What needs to be done
Using the data below, restate exactly every line from the one with "Embossed Cowhide Leather | Royal Oak" up to and including the one with "Pelle Komatsu PC210-LC Pelle sur chenilles". No picture belongs in it.

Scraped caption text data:
++++++++++++++++++++
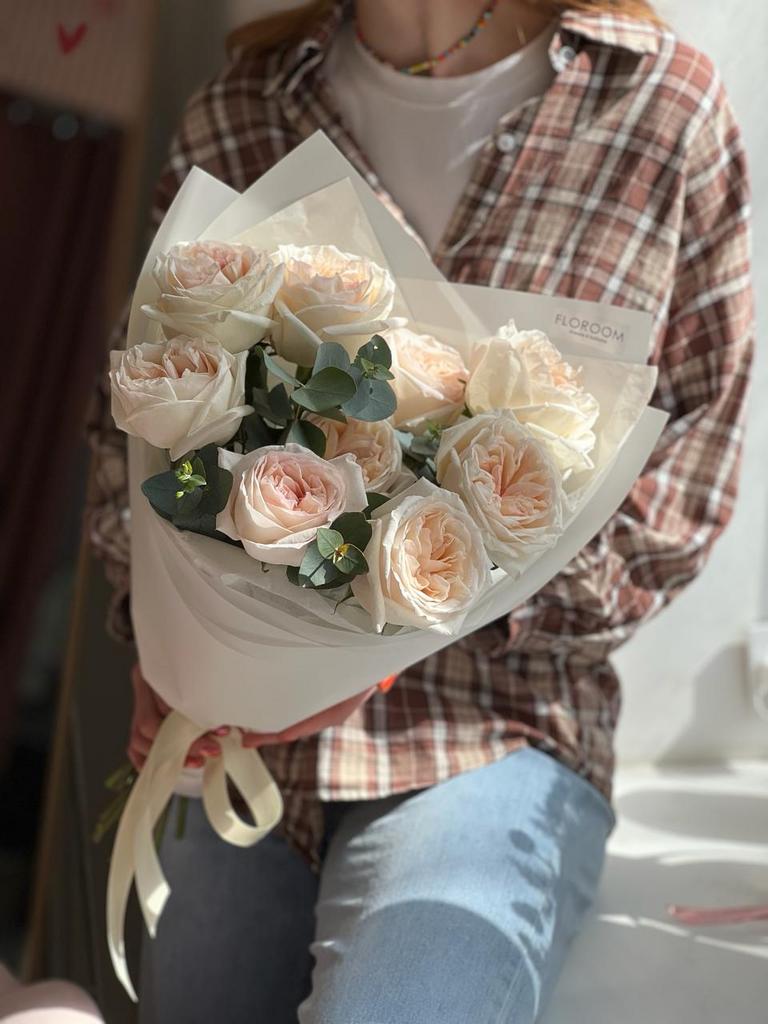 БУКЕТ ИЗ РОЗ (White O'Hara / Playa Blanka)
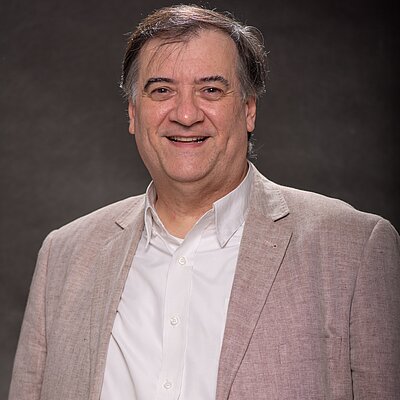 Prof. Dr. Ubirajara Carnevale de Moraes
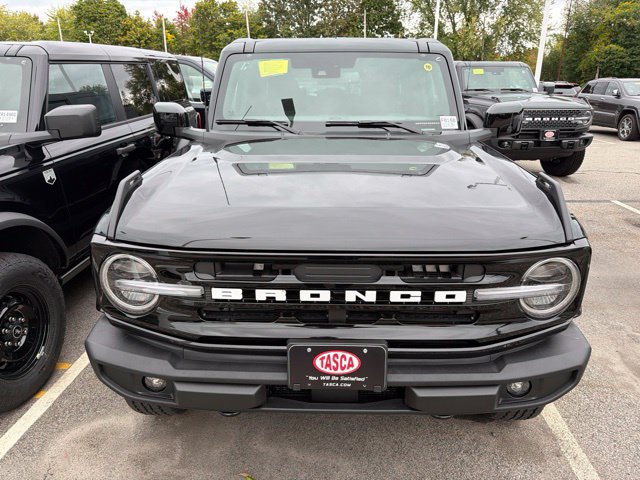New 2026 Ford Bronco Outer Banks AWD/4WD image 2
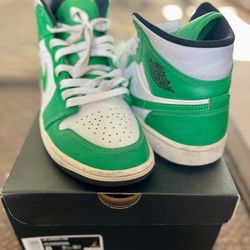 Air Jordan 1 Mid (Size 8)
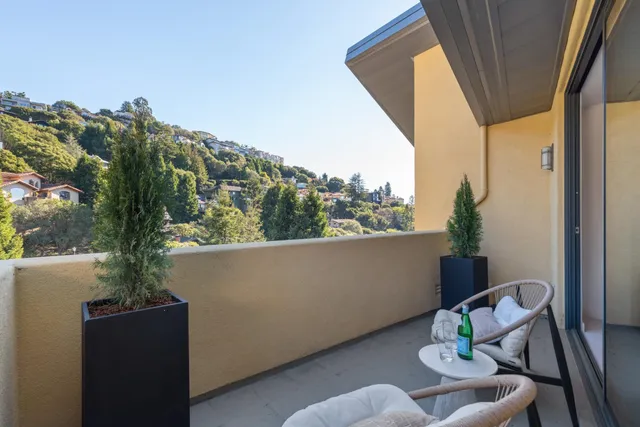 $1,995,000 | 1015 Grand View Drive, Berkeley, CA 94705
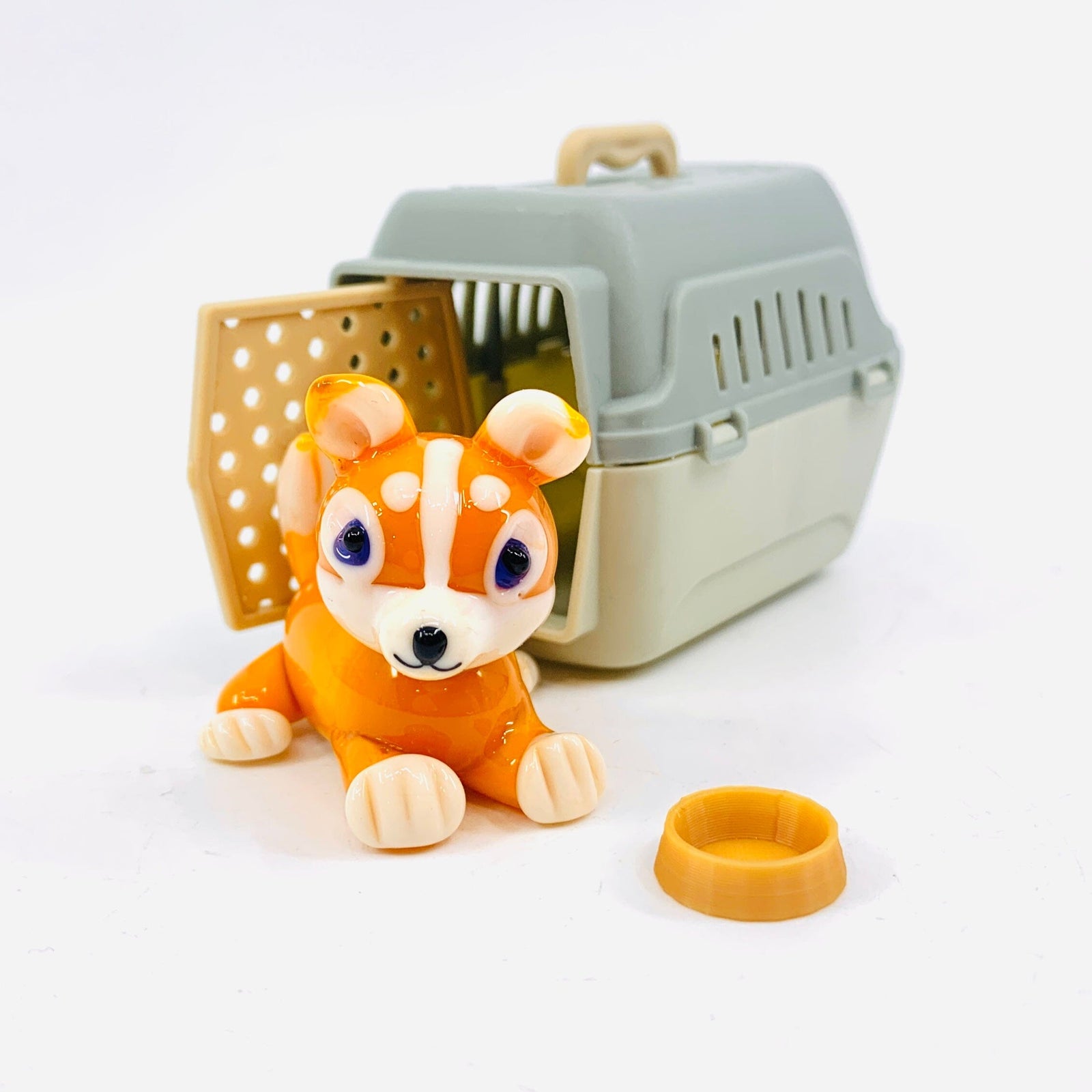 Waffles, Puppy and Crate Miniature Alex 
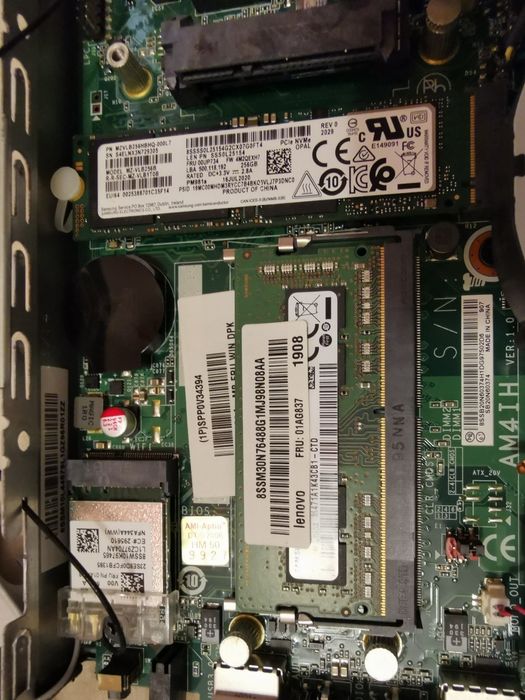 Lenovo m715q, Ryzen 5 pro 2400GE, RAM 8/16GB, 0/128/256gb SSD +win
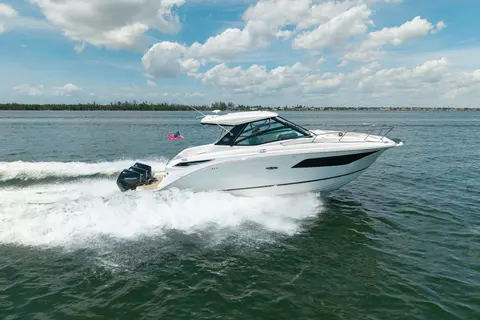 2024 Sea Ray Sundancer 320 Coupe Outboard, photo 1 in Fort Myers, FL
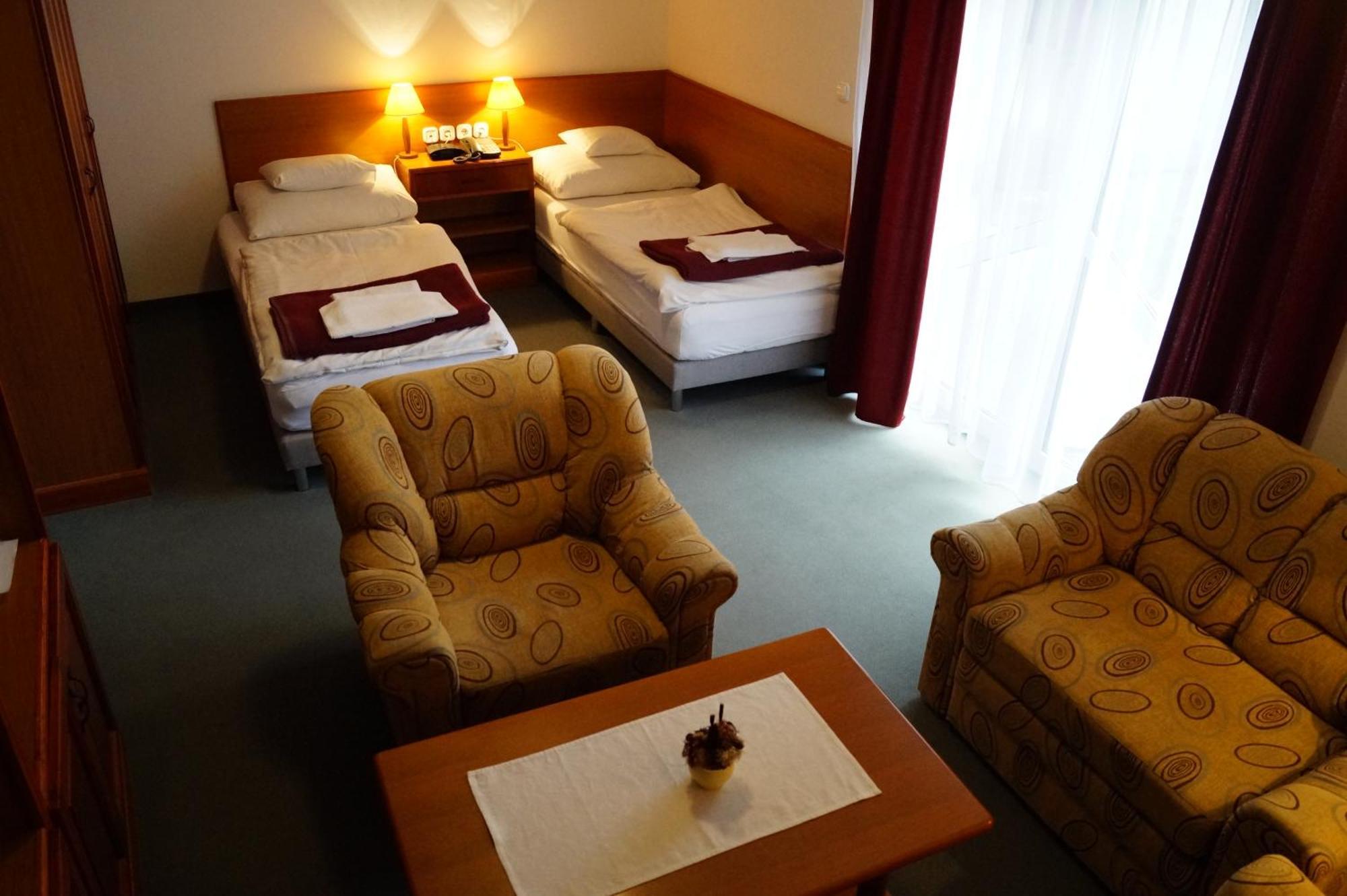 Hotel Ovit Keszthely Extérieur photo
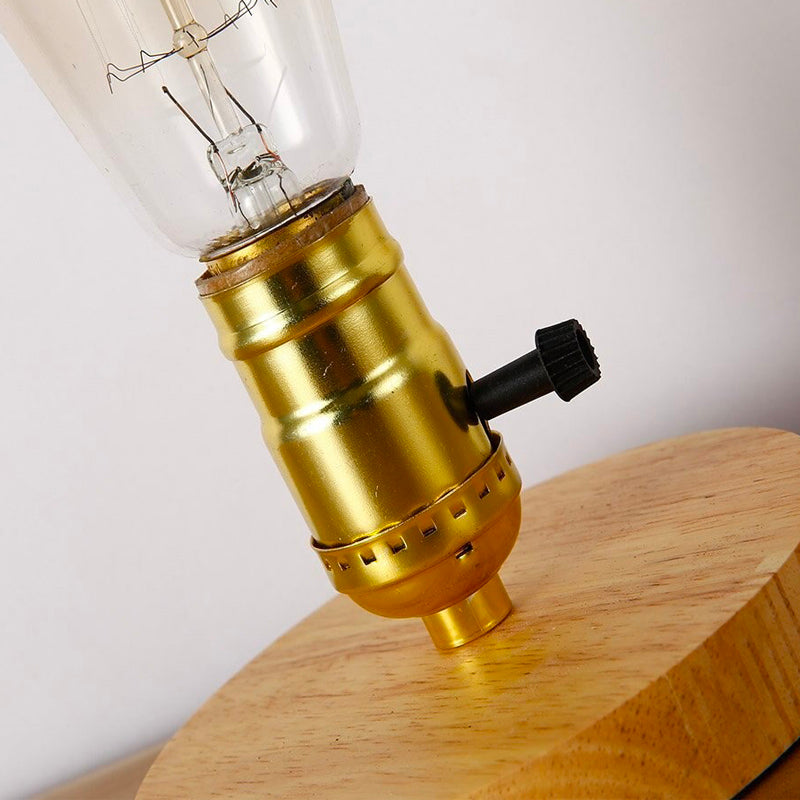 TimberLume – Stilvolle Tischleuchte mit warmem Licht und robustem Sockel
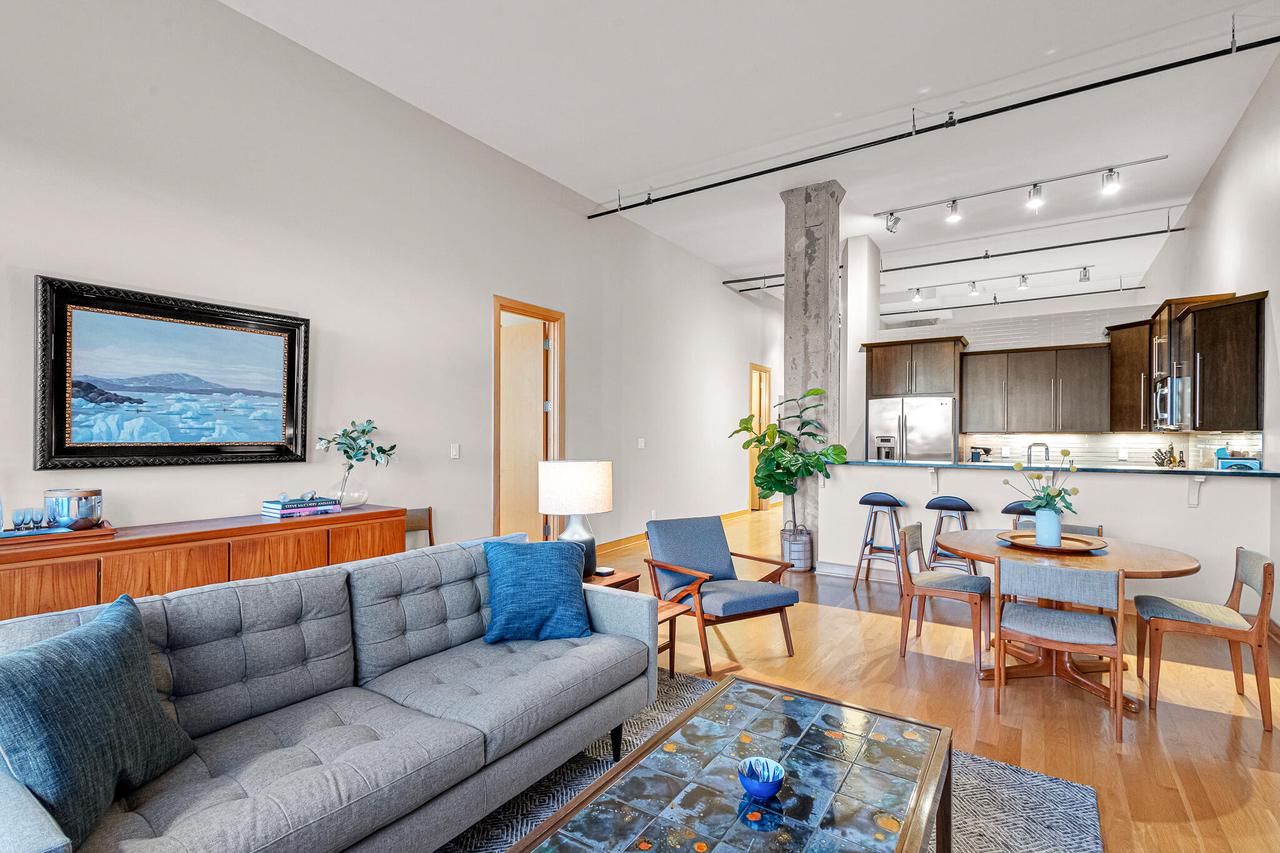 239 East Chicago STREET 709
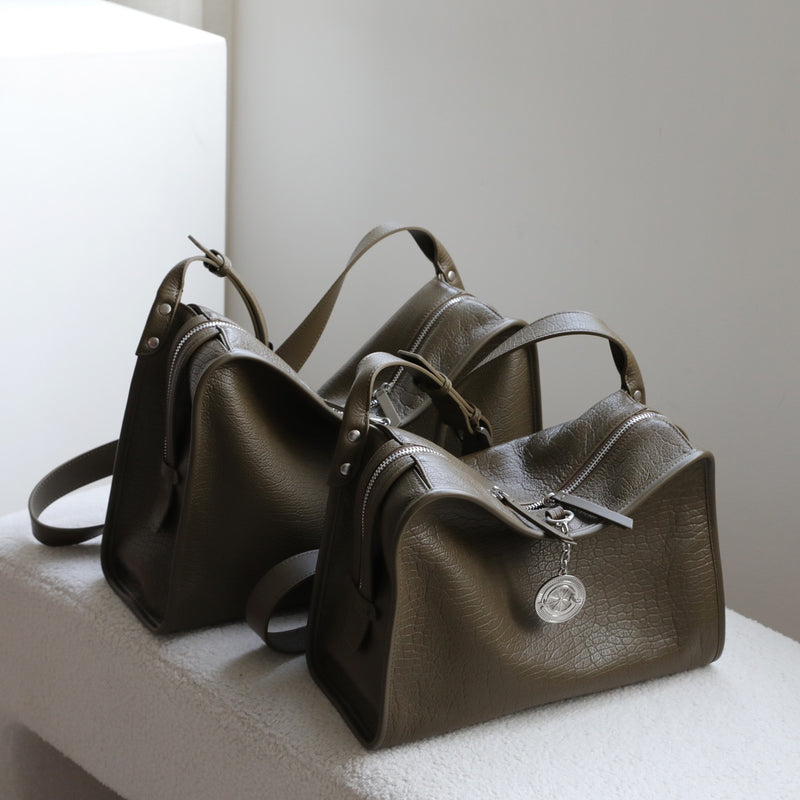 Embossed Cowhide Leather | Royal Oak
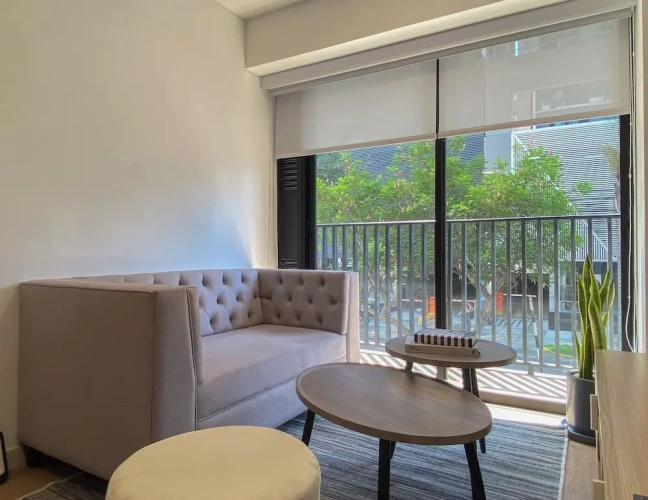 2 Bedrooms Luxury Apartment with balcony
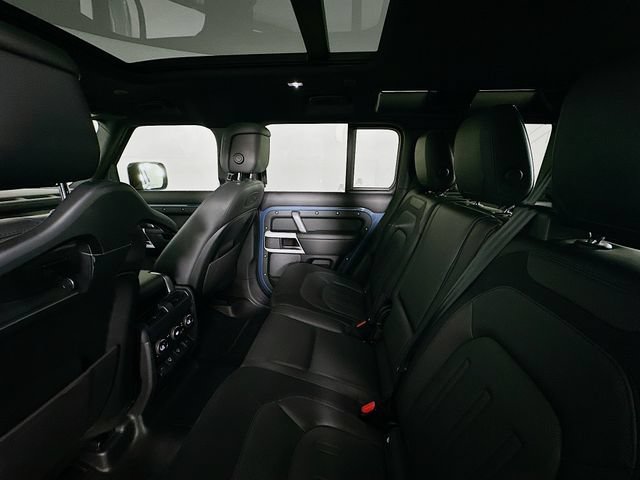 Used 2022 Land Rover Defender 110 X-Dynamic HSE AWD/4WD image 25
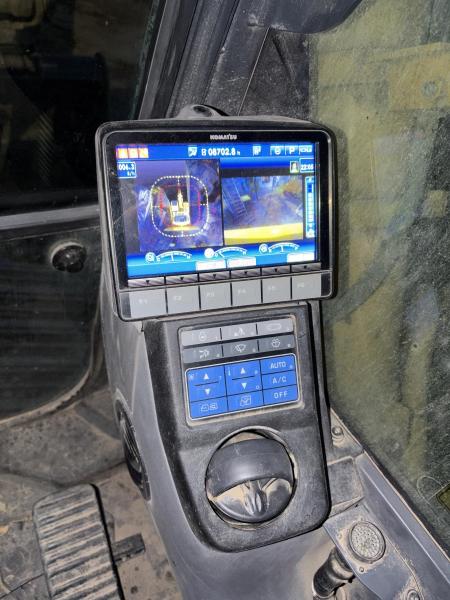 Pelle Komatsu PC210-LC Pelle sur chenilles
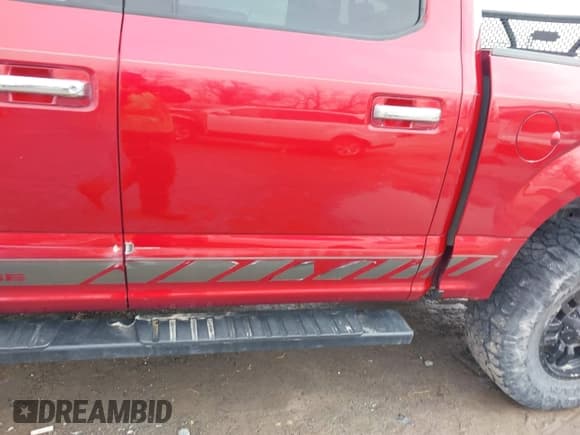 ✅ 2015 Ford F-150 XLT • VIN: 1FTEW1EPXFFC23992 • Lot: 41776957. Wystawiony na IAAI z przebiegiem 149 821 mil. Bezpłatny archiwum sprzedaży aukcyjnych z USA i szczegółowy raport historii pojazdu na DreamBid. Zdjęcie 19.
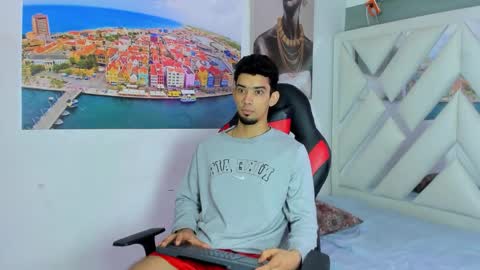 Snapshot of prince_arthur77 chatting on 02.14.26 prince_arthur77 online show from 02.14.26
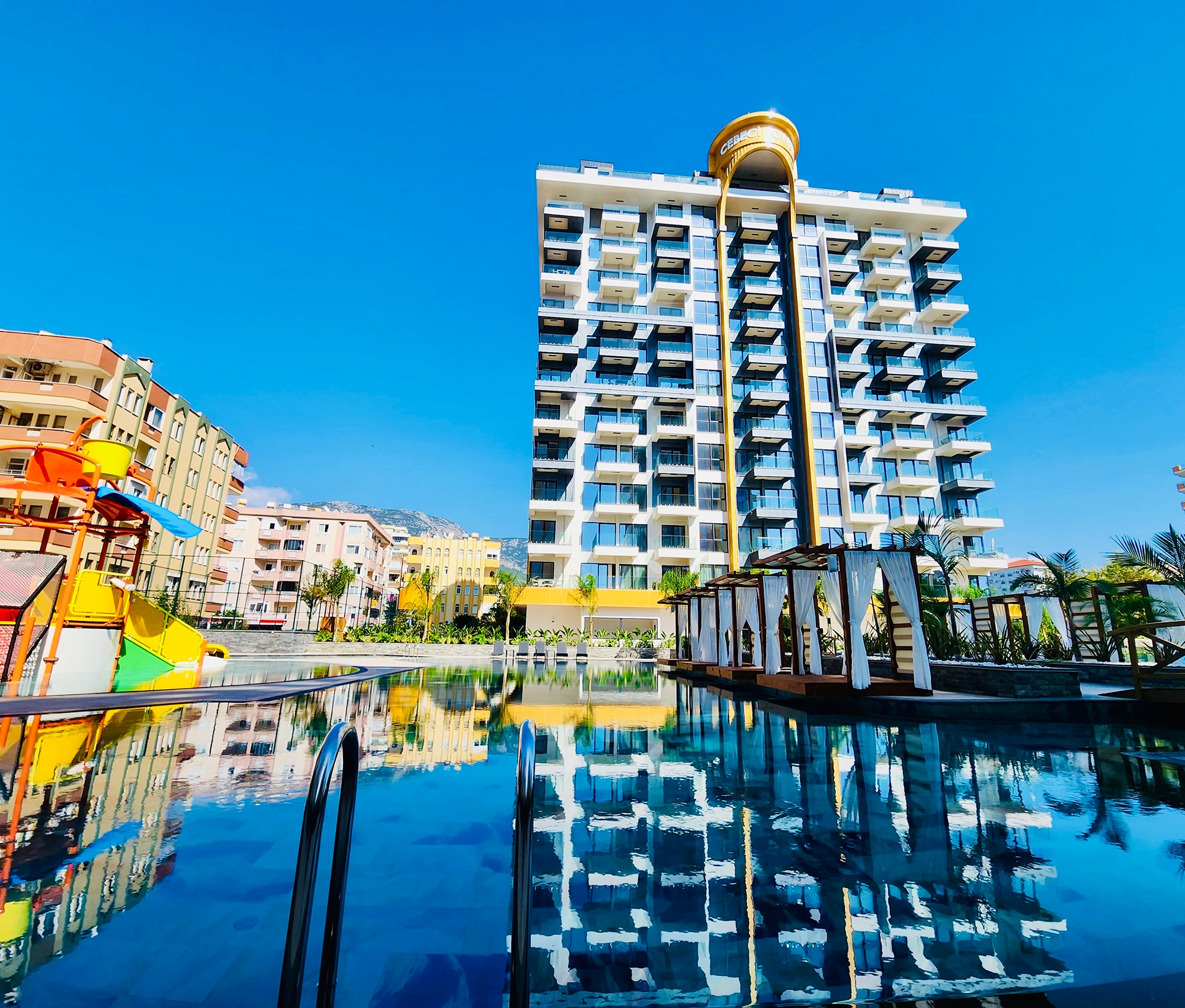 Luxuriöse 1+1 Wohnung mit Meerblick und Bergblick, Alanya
++++++++++++++++++++
Result of this exercise
 Embossed Cowhide Leather | Royal Oak
 2 Bedrooms Luxury Apartment with balcony
 Used 2022 Land Rover Defender 110 X-Dynamic HSE AWD/4WD image 25
 Pelle Komatsu PC210-LC Pelle sur chenilles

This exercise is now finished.